In fact, those losses had far more to do with the phenomenon of cord-cutting where people are moving away from expensive cable television contracts to go a la carte with the various streaming services. Witness the two million homes who cut ESPN since the ban on employees expressing opinions about serious matters.

Still, Le Batard was reportedly carpeted by the ESPN higher-ups following his comments. He missed his radio show last Monday and, despite recently inking a new four-year contract, his future at the network has been called into question. Whatever happens there, the latest incident brought the network’s stance into renewed focus and reopened a serious philosophical debate.

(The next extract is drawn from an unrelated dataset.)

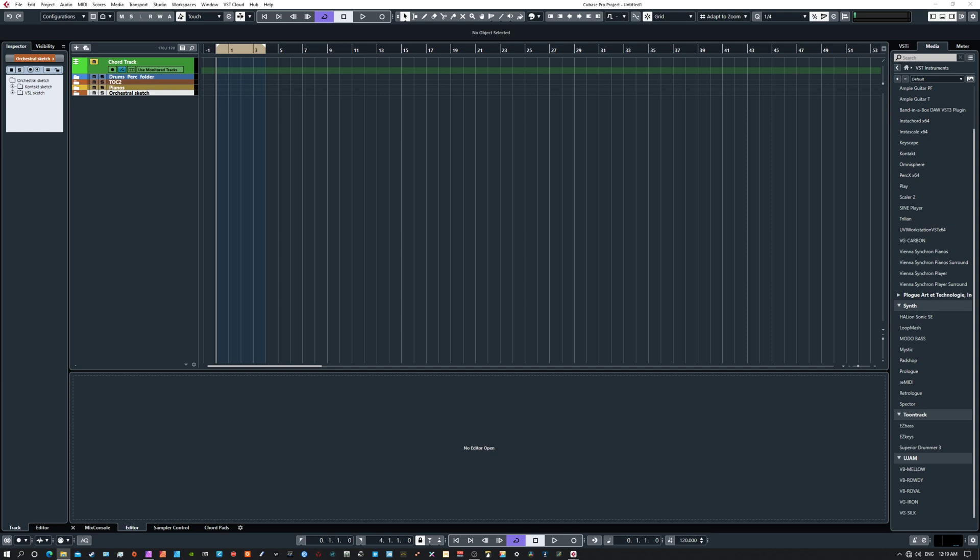Okay, a quick video on how to set up your VSTs with Scaler and Remidi. How do we connect them all properly and understand how this works? Pretty simple.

There is a sense Le Batard and others feel that ESPN is shirking its social responsibility because, arguably since that moment on the campaign trail when he claimed “there were no good Muslim athletes”, Trump has made everything suddenly political.

Certainly, the days when sport was regarded as the toy department, the light relief from the real world, are long gone. LeBron James, Megan Rapinoe and a whole host of others have regularly lambasted Trump and his divisive policies. The first question any championship winning team in America is now asked is whether they will visit his White House and pose for photos in the Rose Garden. With so many rejecting what used to be regarded as a singular honour, the president counters by exploiting every athlete willing to associate with him (hello Tom Brady, Rory Mcllroy, Tiger Woods) to try to normalise his regime.

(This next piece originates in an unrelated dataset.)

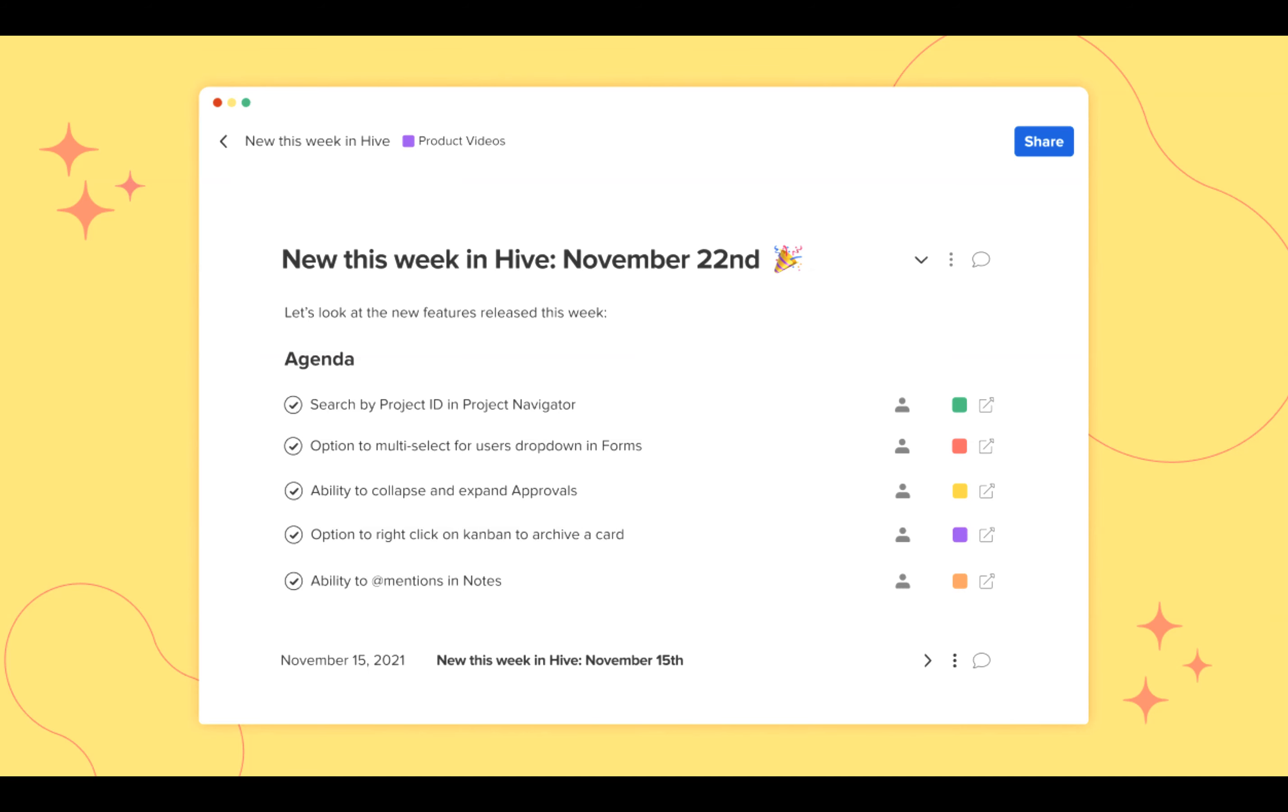You can now search by project ID in Project Navigator. You now have the option to multi-select for users drop-down in Forms. You can now collapse and expand Approvals. You will now have the option to right-click on Kanban view to archive a card. And lastly, you now have the ability to add mentioned users in Notes.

The problem is that the new normal is not normal at all. America has an end of days feel to it at the moment. A troubled place where the country is no longer divided between Democrats and Republicans but, in a way that often crosses traditional party lines, between sentient humans and the amoeba slinking after Trump and wallowing in the hatred he spews. Stark as it may sound, there are those who want to be on the right side of history and those who will eventually be judged to have collaborated with the darkest regime.

"I always turn to the sports section first," said US Supreme Court Justice Earl Warren. "The sports section records man's accomplishments; the front page has nothing but man's failures."

Times have changed. The accomplished men are calling out the failures. All over the place. Except on ESPN.